MATERIAL PROVIDED —

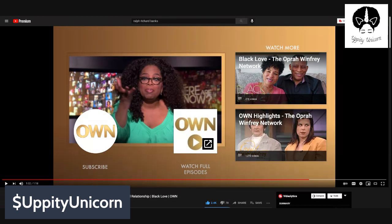Let me know if you agree in the comments below. Like, share, comment, subscribe. I am Uppity Unicorn and I am out of here.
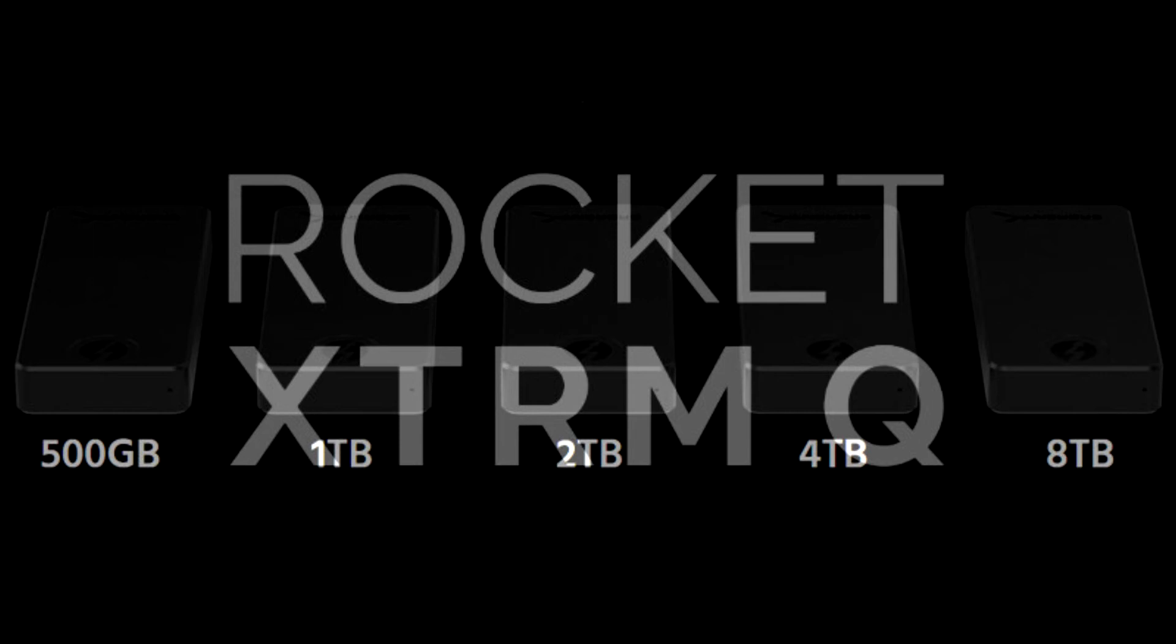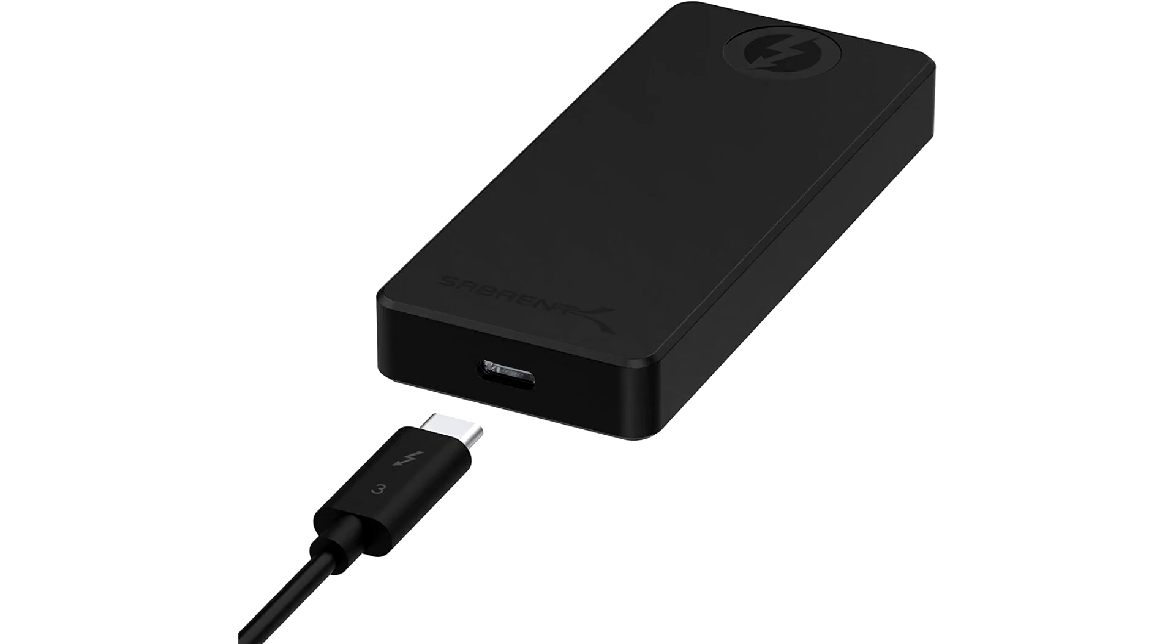The SSD features a sleek modern design with an aluminum casing and anti-slip bottom pads for stability. The Sabrent Rocket XTR-MQ is available in capacities of 500GB, 1TB, 2TB, 4TB, and 8TB.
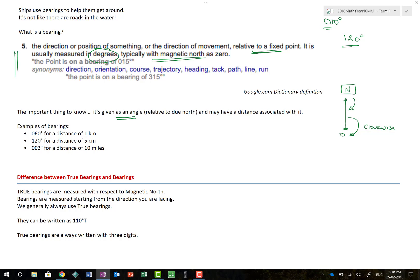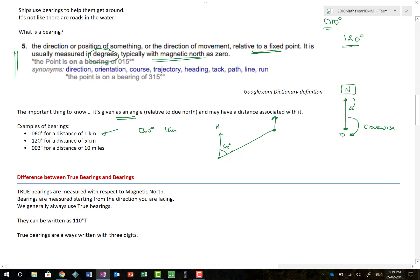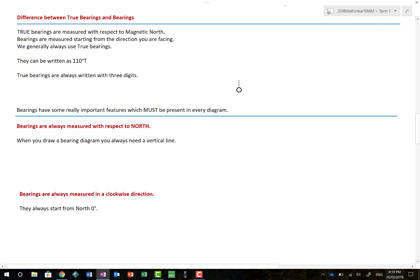Here are some examples of proper bearings. A bearing of 060 for a distance of one kilometre - if I draw a sketch, here I am, there is my north line, 60 degrees goes that way, and I end up at my finish point, also marked with a north line. That length would be one kilometre - drawn to scale, of course. All of these are bearings because they have an angle and a distance.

ASSIGNMENT —
The full data, repeated exactly and stripped of its pictures, is the expected answer.

REPLY TO THE TASK —
Let me know if you agree in the comments below. Like, share, comment, subscribe. I am Uppity Unicorn and I am out of here.
The SSD features a sleek modern design with an aluminum casing and anti-slip bottom pads for stability. The Sabrent Rocket XTR-MQ is available in capacities of 500GB, 1TB, 2TB, 4TB, and 8TB.
Here are some examples of proper bearings. A bearing of 060 for a distance of one kilometre - if I draw a sketch, here I am, there is my north line, 60 degrees goes that way, and I end up at my finish point, also marked with a north line. That length would be one kilometre - drawn to scale, of course. All of these are bearings because they have an angle and a distance.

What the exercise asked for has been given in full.